Accem tiene asignadas 26 plazas para una primera fase de evaluación, dotación insuficiente ante el aumento de solicitudes. Cáritas y el CEAS del Ayuntamiento de Segovia están alojando también a otros refugiados, pero la demanda pone a prueba la capacidad estructural de la sociedad segoviana, no en cuanto a voluntad sino en cuanto a efectivos. Cáritas, sin una subvención específica, aloja a 25 personas en tres pisos –uno es propiedad de la ONG y dos están alquilados– y atiende a otras 25 con ayudas de alquiler, comedor social o higiene. El 70 % de estas personas son de origen venezolano. Su diagnóstico es claro. «Estamos desbordados. Llegan las personas y no damos abasto».
Tras una reunión con Cáritas y Accem en febrero, el Ayuntamiento acogió a 18 personas en el albergue de peregrinos de Zamarramala. «Lo ideal son viviendas, pero ante una situación de emergencia, aportamos lo que teníamos», explica el concejal de Servicios Sociales, Andrés Torquemada. Una familia fue derivada a la Casa de Espiritualidad, mientras que los conventos de San Juan de Dios y de Santa Isabel acogieron a otras dos. Actualmente, quedan siete refugiados alojados en estos lugares, pues el resto han salido a viviendas o han sido derivados a otras provincias. Además, los CEAS ha atendido a otros refugiados con ropa o alimentación.

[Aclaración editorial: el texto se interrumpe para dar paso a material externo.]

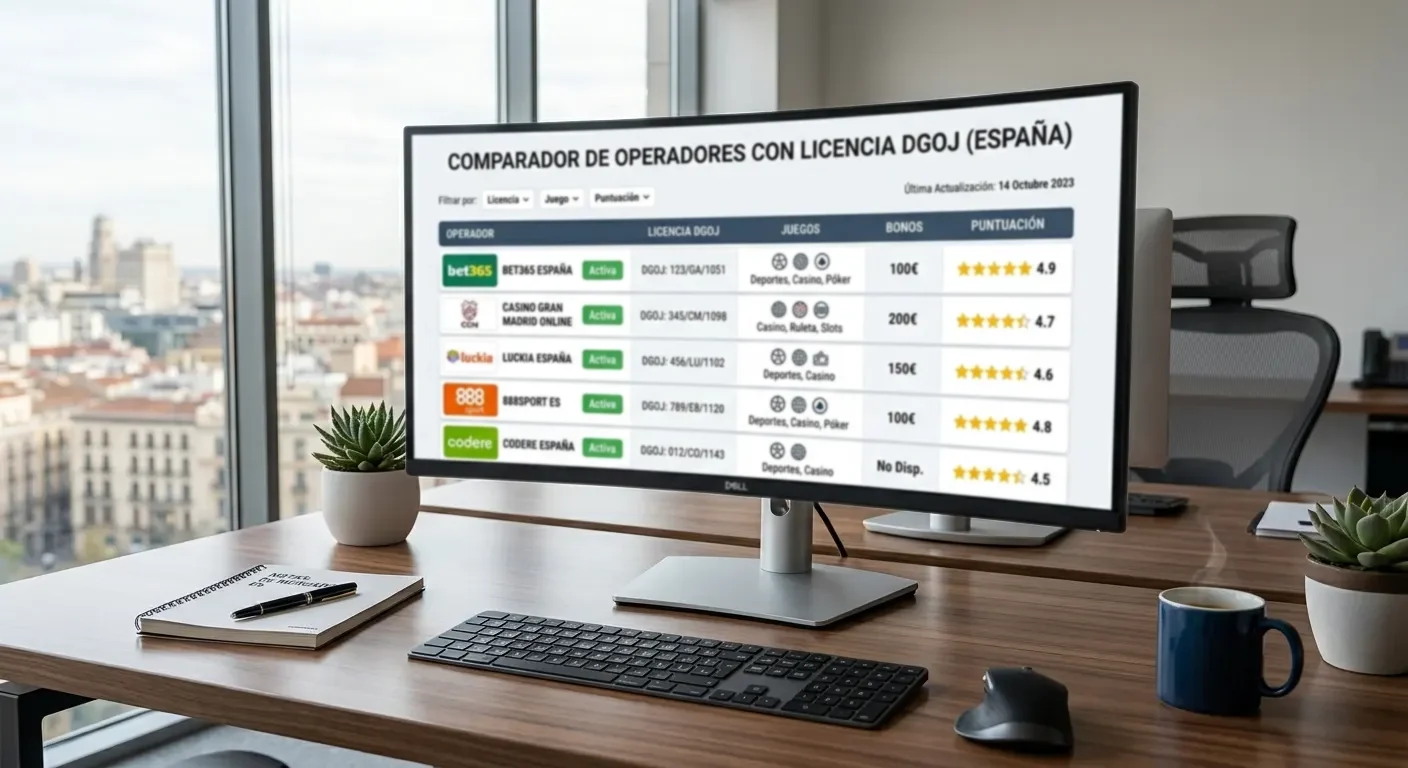 Comparativa de operadores con licencia DGOJ en el mercado español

El Ayuntamiento no tiene una partida presupuestaria específica; tampoco las instituciones regionales.«Me consta que la subdelegada del Gobierno [Lirio Martín] ha trasladado la situación que tenemos en Segovia para ver qué recursos se pueden aportar desde el ministerio, que a priori van a canalizar entre las distintas entidades», apunta Torquemada, que corrobora el diagnóstico de desbordamiento. «Son situaciones extraordinarias a las que hacemos frente con los recursos que tenemos. Lo que demandamos es una planificación adecuada desde el ministerio, que se dote de los recursos necesarios para que haya una atención adecuada. Nos encantaría tener una partida específica porque son situaciones humanitarias y toda administración debe estar ahí».